Par Gérard Noiriel (historien), le 2 novembre 2018
Dans une tribune publiée par le journal Le Monde
(20/11/2018), le sociologue Pierre Merle écrit que « le mouvement des
« gilets jaunes » rappelle les jacqueries de l’Ancien Régime et des
périodes révolutionnaires ». Et il s’interroge: « Les leçons de
l’histoire peuvent-elles encore être comprises ? »
Je suis convaincu, moi aussi, qu’une mise en
perspective historique de ce mouvement social peut nous aider à le
comprendre. C’est la raison pour laquelle le terme de « jacquerie »
(utilisé par d’autres commentateurs et notamment par Eric Zemmour,
l’historien du Figaro récemment adoubé par France Culture dans
l’émission d’Alain Finkielkraut qui illustre parfaitement le titre de
son livre sur « la défaite de la pensée ») ne me paraît pas pertinent.

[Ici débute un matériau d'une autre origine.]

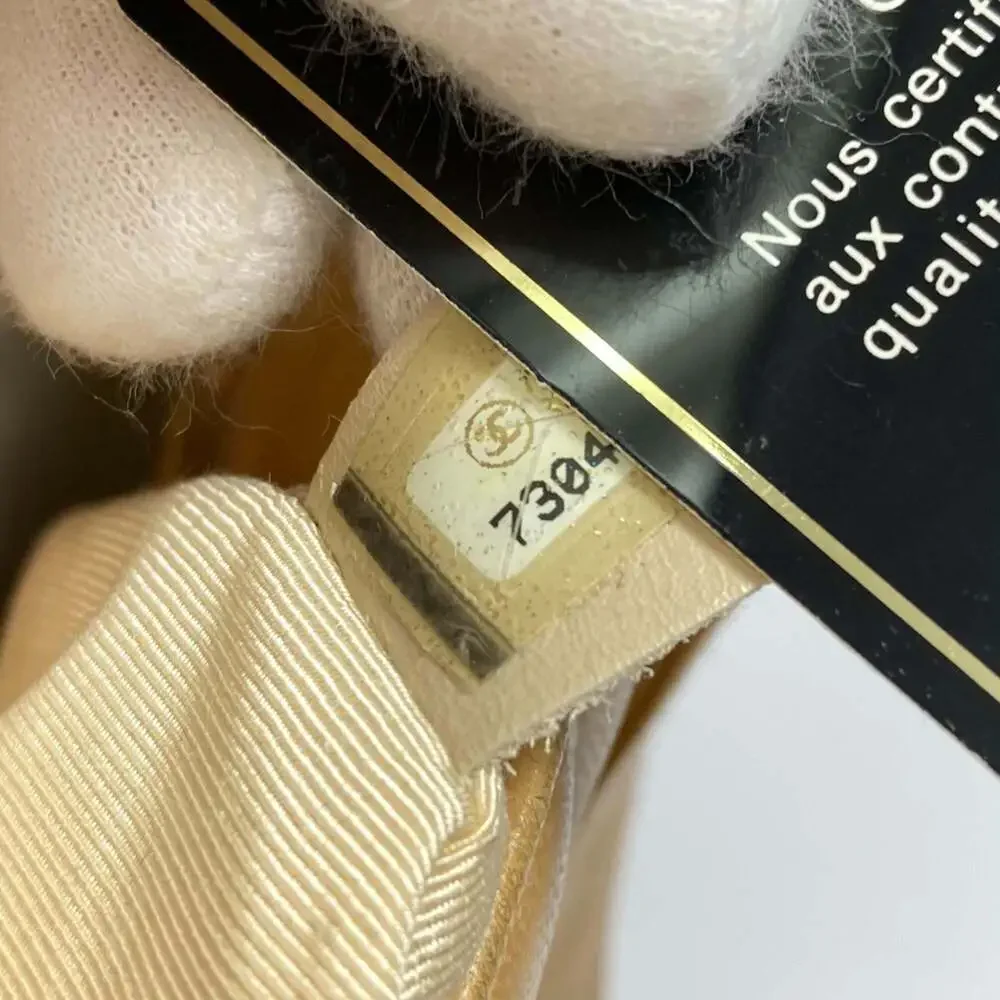 CHANEL Cream Tote Bag - Picture 15 of 16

Dans mon Histoire populaire de la France, j’ai montré que tous les
mouvements sociaux depuis le Moyen Age avaient fait l’objet d’une lutte
intense entre les dominants et les dominés à propos de la définition et
de la représentation du peuple en lutte. Le mot « jacquerie » a servi à
désigner les soulèvements de ces paysans que les élites surnommaient les
« jacques », terme méprisant que l’on retrouve dans l’expression
« faire le Jacques » (se comporter comme un paysan lourd et stupide).